(Short web captions)

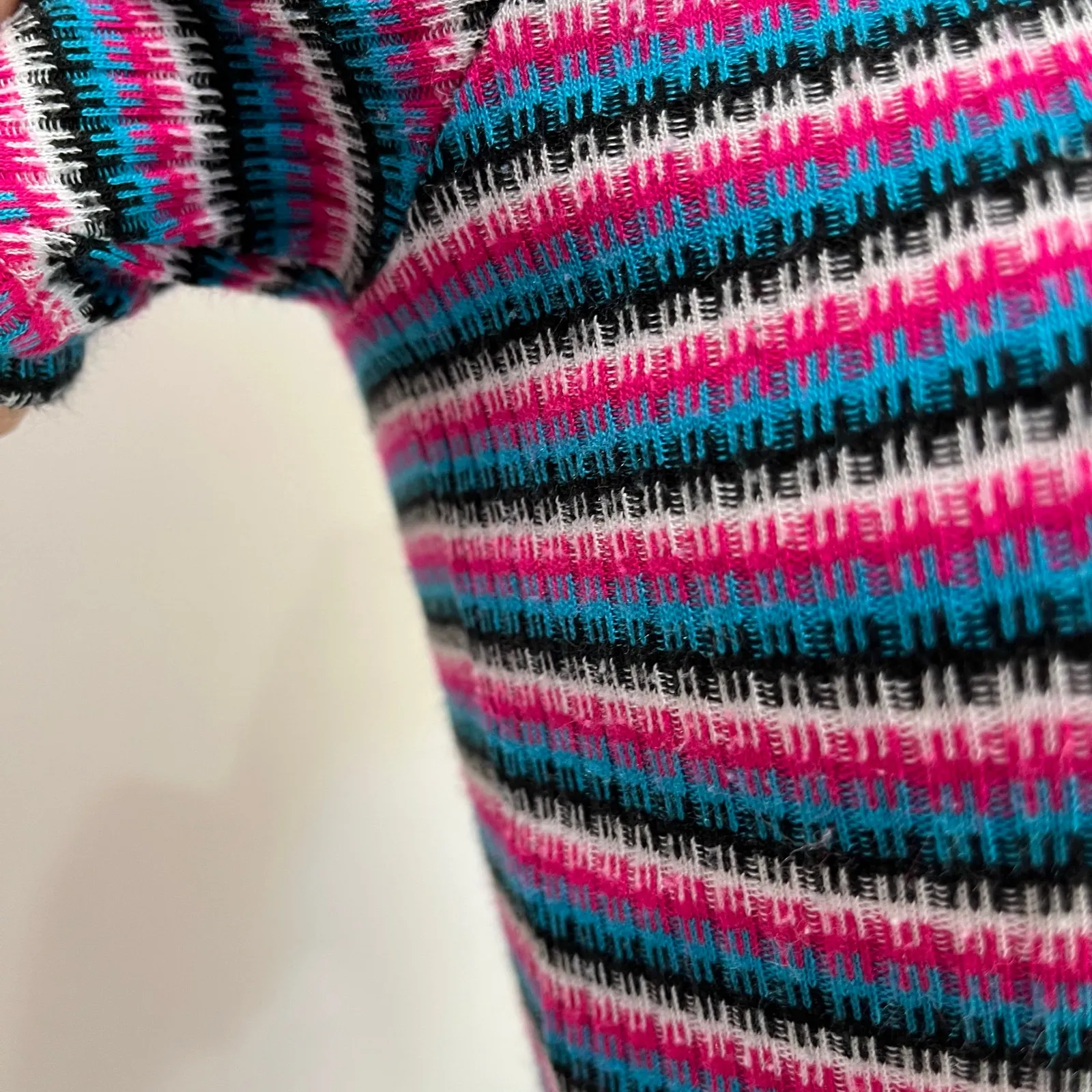 Y2K Vintage Striped Ribbed Cropped Half Zip Heart Charm Juniors Size L (12 - Image 6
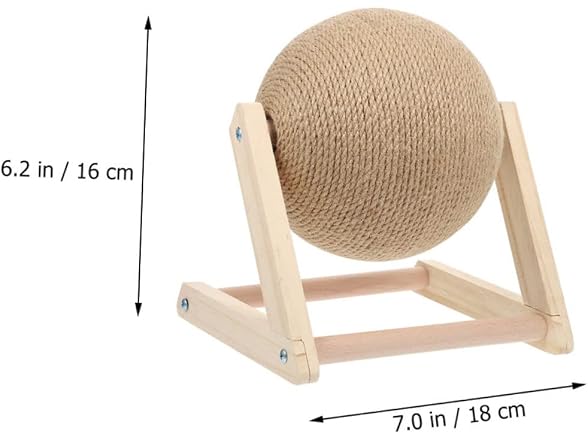 SUPVOX Cat Scratcher Toy 6.69 Inch Sisal Rolling Ball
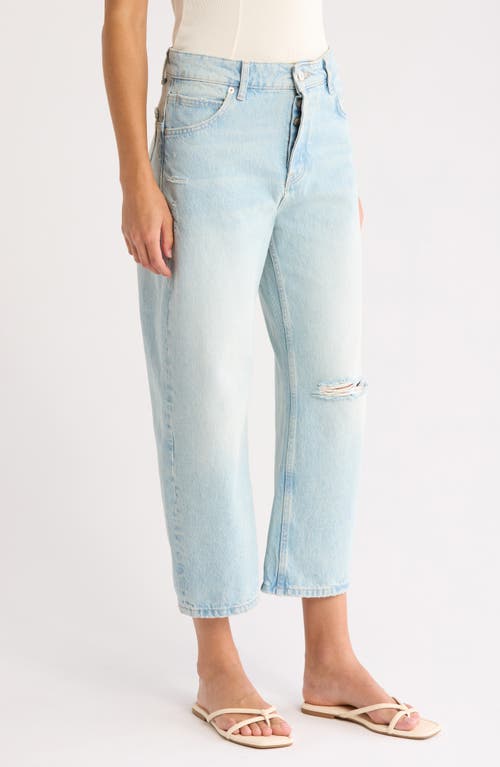 Free People Deep Trance Low Rise Barrel Leg Jeans In Blue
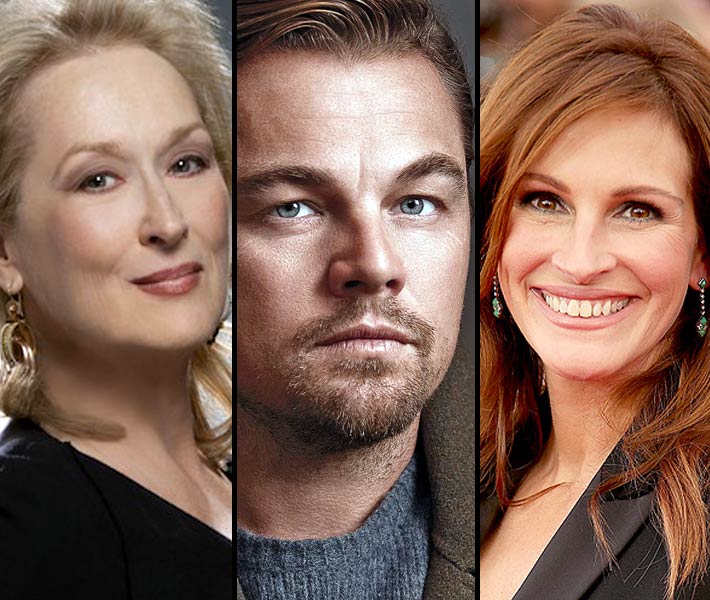 جوليا روبرتس وليوناردو دي كابريو وميريل ستريب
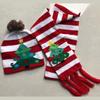 Chapeau Tricoté Chaud de Noël Écharpe à Pompons Bonnet Bébé Chapeau Bonnet avec Pompon et Ensemble Écharpe de Cou pour Enfant 3-10 Ans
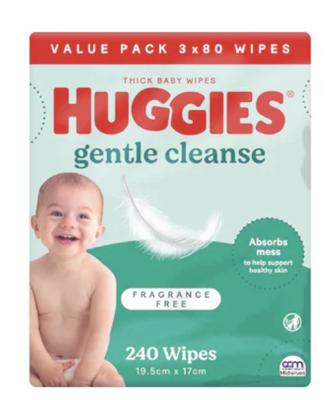 Huggies Thick Baby Wipes Fragrance Free 240 pack | Woolworths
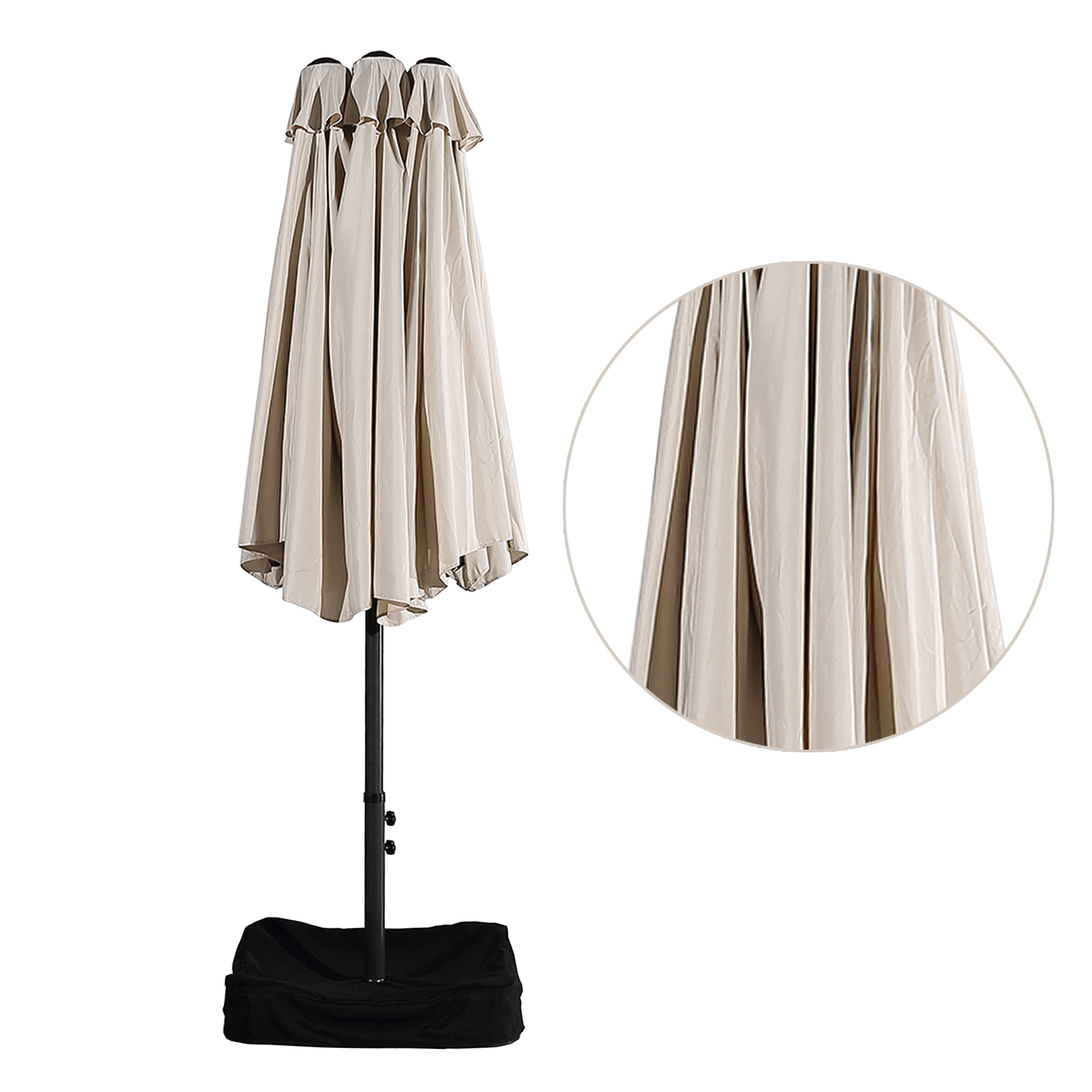 15ft Patio Steel Rectangular Double-Sided Market Umbrella With Base, Classic Design or Solar LED Lights Options,UV Sun Protection & Easy Crank for Deck Pool Patio.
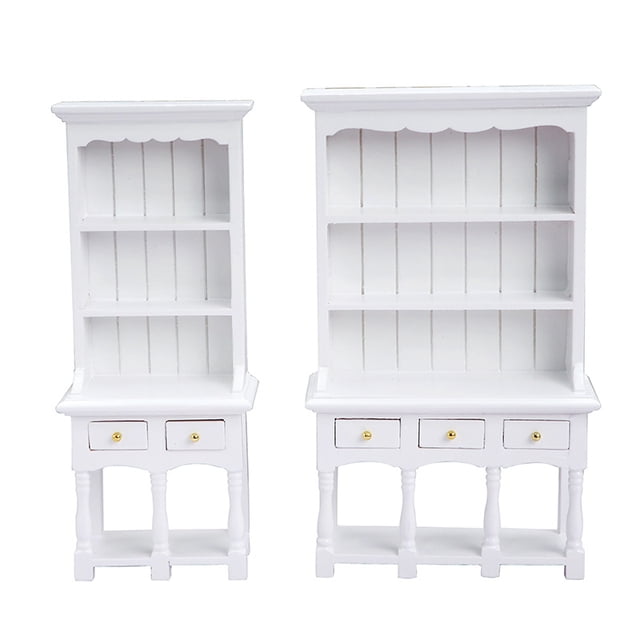 Vitrina de 2 niveles para casas de muñecas de madera en miniatura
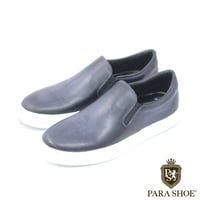 PARASHOE 本革 スリッポン レザースニーカー カジュアルシューズ 手染めアンティークブルー（パティーヌ ネイビー）3E（EEE）【オパンケ製法・革靴・紳士靴】(PSMO-1902-NV)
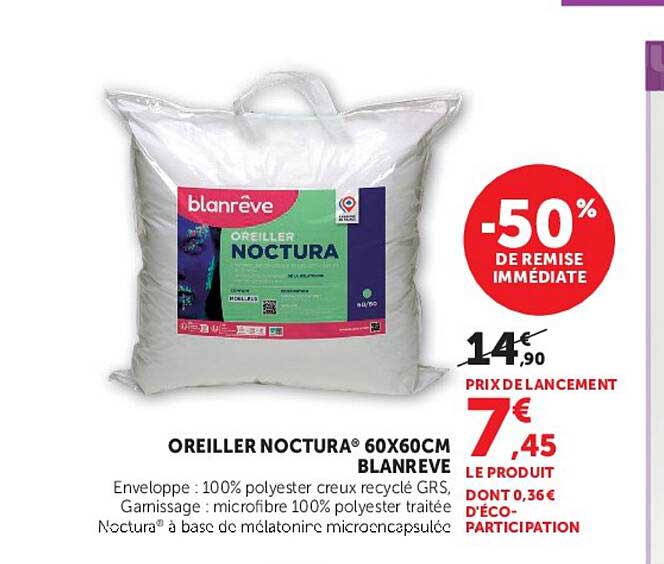 OREILLER NOCTURA® 60X60CM BLANREVE
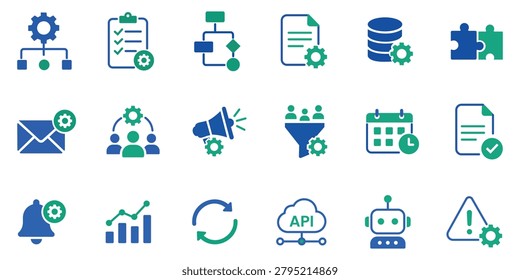 Business Process and Automation Icon Collection Featuring Workflow API Integration Notification Analytics and Digital Management Concepts
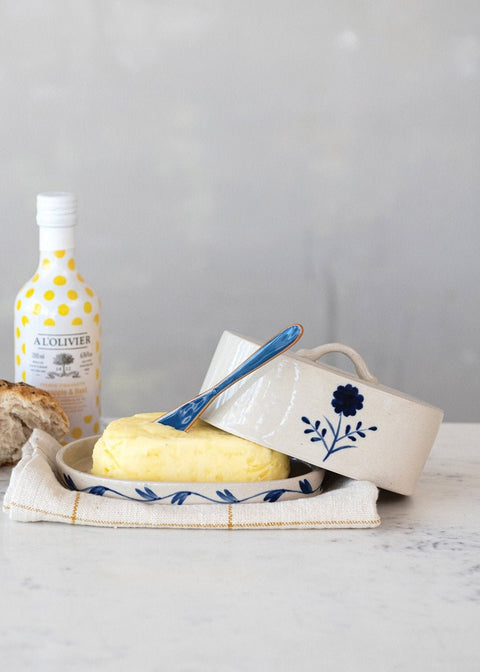 Hand-Painted Butter Dish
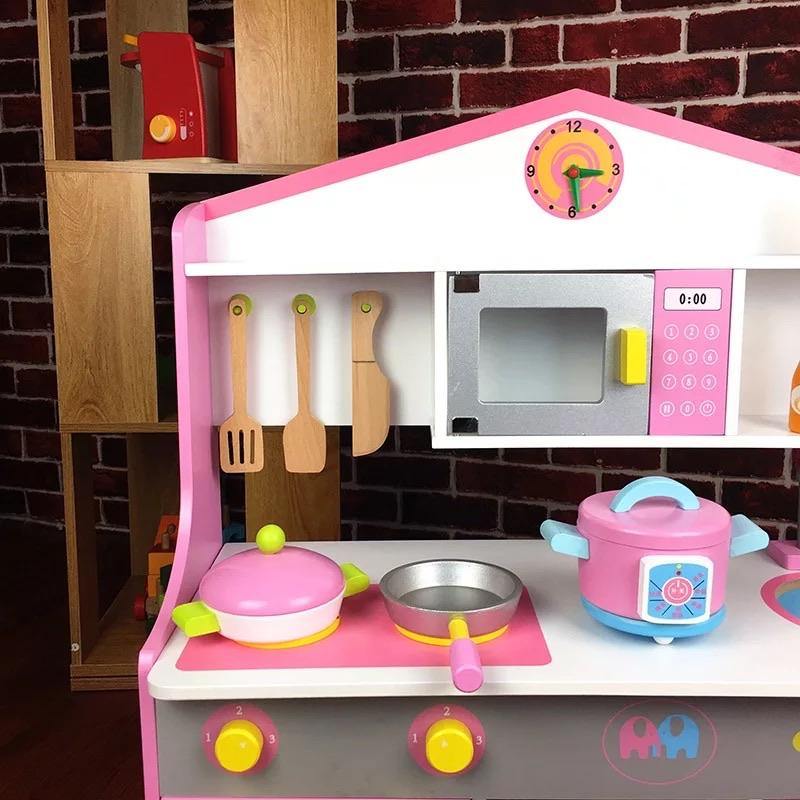 Wooden Pink and White Kitchen Set - Eduspark Toys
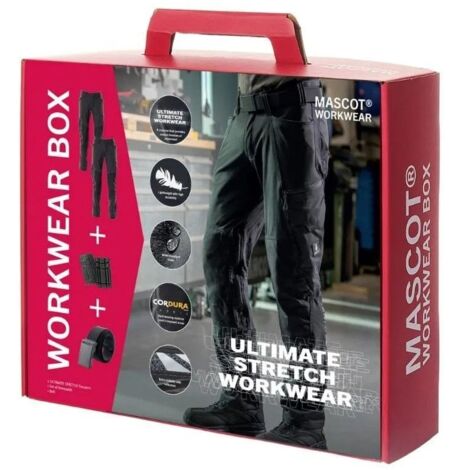MASCOT Workwear Box : 2 pantalons de travail Ultimate Stretch 18479 + 2 cadeaux - Noir - 40 - Jambes standards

- What you are asked to do -
Your output should be exactly the lines of the records above from the one with "PARASHOE 本革 スリッポン" through the last, both ends included, with pictures excluded.

- Answer for this exercise -
 PARASHOE 本革 スリッポン レザースニーカー カジュアルシューズ 手染めアンティークブルー（パティーヌ ネイビー）3E（EEE）【オパンケ製法・革靴・紳士靴】(PSMO-1902-NV)
 OREILLER NOCTURA® 60X60CM BLANREVE
 Business Process and Automation Icon Collection Featuring Workflow API Integration Notification Analytics and Digital Management Concepts
 Hand-Painted Butter Dish
 Wooden Pink and White Kitchen Set - Eduspark Toys
MASCOT Workwear Box : 2 pantalons de travail Ultimate Stretch 18479 + 2 cadeaux - Noir - 40 - Jambes standards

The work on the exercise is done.